İçimizdeki İsyanı ve Yaşam Alanlarımızın Gelişimi
Mecidiyeköy’de otobüs durağına giden, körler için yapılmış sarı çizgi üzerindeki iki elektrik direği 12 yıldır duruyor. En az beş defa şikâyetçi oldum. Her gün polise en az beş araba şikâyet ediyorum ama akşam dönerken bakıyorum, o şikâyet ettiğim araçlar aynı yerde duruyor.
Geçen haftaki yazımda içten bir isyan duygusunu dile getirmiştim. Bu hafta ise yaşadığım toplumda yaşanan görece çöküntüyü, belki de hayal kırıklığını anlatmak istiyorum. Etrafıma baktığımda hiçbir şeyin değişmediğini görüyorum. Peki, benim gibi düşünenler gerçekten ne kadar değişti? Yönümüzü belirlemek, nereye gideceğimizi saptamak ve bu yolda ilerlemek için kimi zaman harita uygulamalarına güveniriz. Ama varış noktasına yaklaşırken yine de yoldaşlarımıza sormamız gerekebilir. Bazen, bizi tanıyan ve ilgilenenler, bu duruma gereksiz yere üzülüyor. Annemi veya babamı arayıp “Onu tek bırakmışsınız” diye serzenişte bulunuyorlar. Bu duruma bazen gülümsüyorum; yanıma gelip “Yardım gerekiyor mu, nereyi arıyorsun” dese daha iyi olur. Annem bile, bu duruma alışmış ve “O yolunu bulur, merak etmeyin” diyormuş.
Hep aynı yerde durup dururken bir arıza yaşanabiliyor. İstanbul Diyalog Müzesi’nde 12 yıldır çalışıyorum. Sorunlar hep aynı şekilde ortaya çıkıyor, bir tabela asıp “arıza var” diyoruz. Kışın “ıslak zemin” uyarısını yapıyoruz ama sonuç yine de pek değişmiyor. İş yerimin önünde tahta bir zemin çöktü, etrafına korkuluklar konuldu, ama insanlar yine de oraya çarpıyor. Bu gibi sorunların yıllarca çözülmemiş olması endişe verici. Mecidiyeköy’deki körler için yapılmış sarı çizgideki elektrik direkleri en az beş kez şikayet edilmesine rağmen, hala aynı yerde duruyorlar. Günlük olarak polisi arıyorum, çeşitli araç şikayetleri yapıyorum; ama yine de aynı noktada duruyorlar.
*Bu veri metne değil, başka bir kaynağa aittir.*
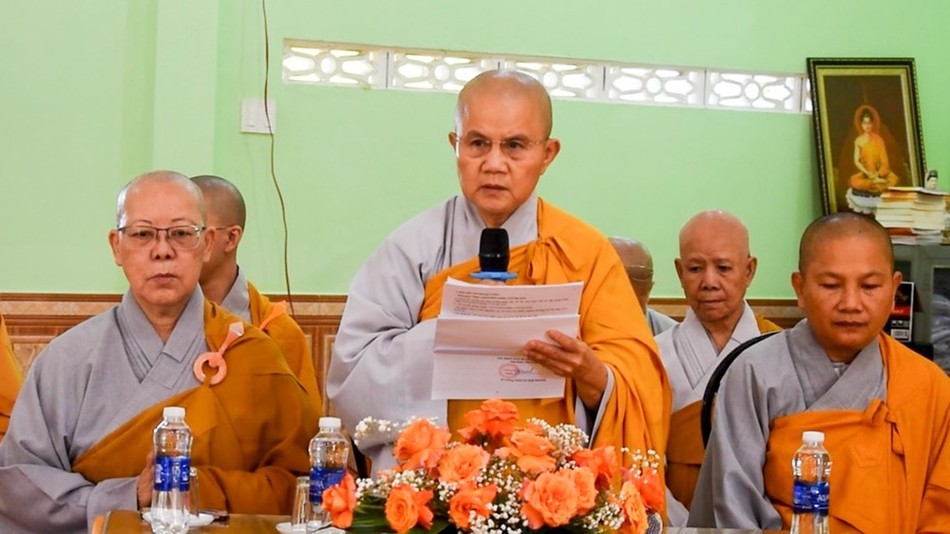 Ni sư Thích nữ Như Nguyệt tuyên đọc thư thăm hỏi của Ni trưởng Thích nữ Nhật Khương, Trưởng Phân ban Ni giới T.Ư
İşte, tüm bunları sadece anlatabilirim. Erişilebilirlik meselesi de maalesef her geçen gün biraz daha geri gidiyor. “Bu kadar zor ve karmaşık bir süreçte erişilebilirliği kim düşünür?” diye sorabilirsiniz. Haklısınız. Bu yaşta, İstanbul sokaklarında rahatça hareket edebildiğim günler, bana özlemle anımsadığım günler. Bu sorunu ve ulaşımda yaşananları eğitimli, bilinçli ve birlikte hareket ederek aşabiliriz. Birlikte yaşam alanlarımızı iyileştirmeli ve her birimizin sorumluluğunu yerine getirmeliyiz.
Ben, yalnızca anlatmaya devam edebilirim. Şimdilik gücüm yalnızca bu kadar. Bir yaşam alanını yeniden şekillendirirken, mühendislik ve birçok farklı disiplinin katkısına ihtiyaç duyuyoruz. Herkes biraz zarar verecek, ama sonunda buna değer. Eski zamanların deyişiyle, “kendi kapısının önünü süpürenler, ülkeyi tertemiz yapar” sözünü unutmadan hareket etmeliyiz.